Cannes films tap drama of financial crisis

The scorched earth of the financial world has yielded a rich harvest for film-makers at the Cannes film festival, where documentaries and dramas are tapping the emotion behind the crisis.

Among the non-fiction at the world's biggest film event, "Inside Job" by US documentary-maker Charles Ferguson hit critics hard on Saturday with a surgical analysis of who caused the financial crisis and how.

A cocktail of financial deregulation and near-psychotic behaviour was to blame for the meltdown, it suggests, cranking up the emotions with swift editing, stirring music and a voice-over by Hollywood star Matt Damon.

"I think this is the first comprehensive film about the crisis," Ferguson told AFP. "This was a bank robbery that was committed by the man who owns the bank.
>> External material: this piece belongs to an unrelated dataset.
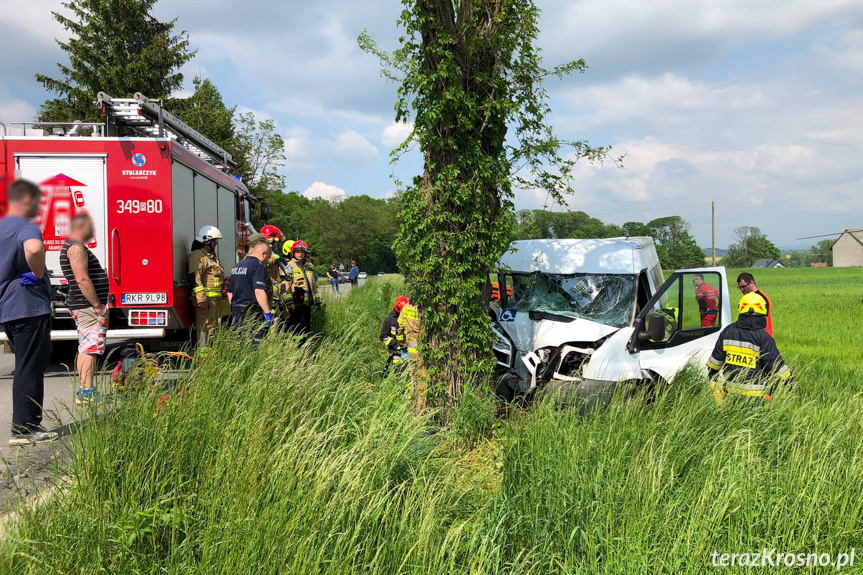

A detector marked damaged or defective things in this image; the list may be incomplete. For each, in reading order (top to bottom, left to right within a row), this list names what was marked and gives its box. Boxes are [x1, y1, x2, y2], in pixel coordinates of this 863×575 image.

damaged hood [492, 308, 620, 354]
shattered windshield [506, 274, 636, 328]
crashed white van [492, 236, 728, 402] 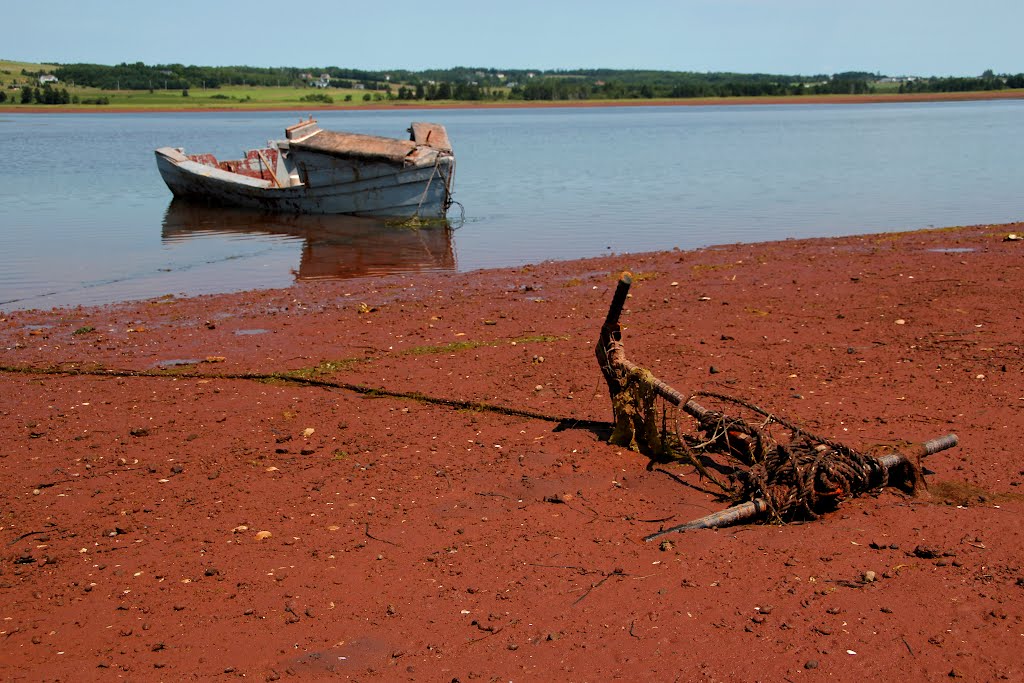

Before he robbed the bank he paid off the police."

Last year another US film-maker, Michael Moore, released "Capitalism: A Love Story", but critics in Cannes judged Ferguson's film a more weighty effort.

"Ironically, (this) anti-capitalist commodity could well become a money-maker," wrote the top film magazine Variety.

"Inside Job" points the finger at individuals including former Federal Reserve chairman Alan Greenspan, who like a number of other key players declined to be interviewed.

Ferguson fills their silence with other witnesses: government ministers, bankers, lobbyists, economists and a psychologist, plus a Manhattan madame who said she fixed call girls for top bosses at all the major investment banks.

In a smaller-scale documentary at Cannes meanwhile, "Cleveland Versus Wall Street", Swiss film-maker Jean-Stephane Bron staged a mock-trial pitting ruined homeowners against the banks and lenders they blame for misleading them.

"I think that this movie can do a lot to make people aware of what really caused this problem," said Josh Cohen, the lawyer for the homeowners in the film.

It can "make them understand that the foreclosure crisis wasn't just something that happened, there are people responsible."

One of those hit by the US subprime mortgage crisis that sparked the worldwide meltdown was Barbara Anderson, a Cleveland woman who appears in Bron's film and came to Cannes to promote it.

"I'm a long way from satisfied" by the US authorities' efforts to find who is to blame and help those affected, she said.

In the fictional world, Oliver Stone's muscular "Wall Street" sequel hit the festival last week, with the villain of his 1987 rogue trading drama Gordon Gekko using his predatory skills to try and do the right thing by his family.

One character, a bank chief played by US actor Frank Langella, was inspired by bosses from the ruined banks Lehman Brothers and Bear Stearns, Stone said. He said the film was a comment on the excesses of the financial system.

"In 1987 I thought it was going to correct itself, I really did. But it didn't," he said. "Shareholders and CEOs made money, working people did not. There's a tremendous injustice and inequality in that."

Ferguson saw his own film as a campaigning force that can provoke audiences into action. "I'm optimistic that pressure is building," he said. "People are starting to get angry."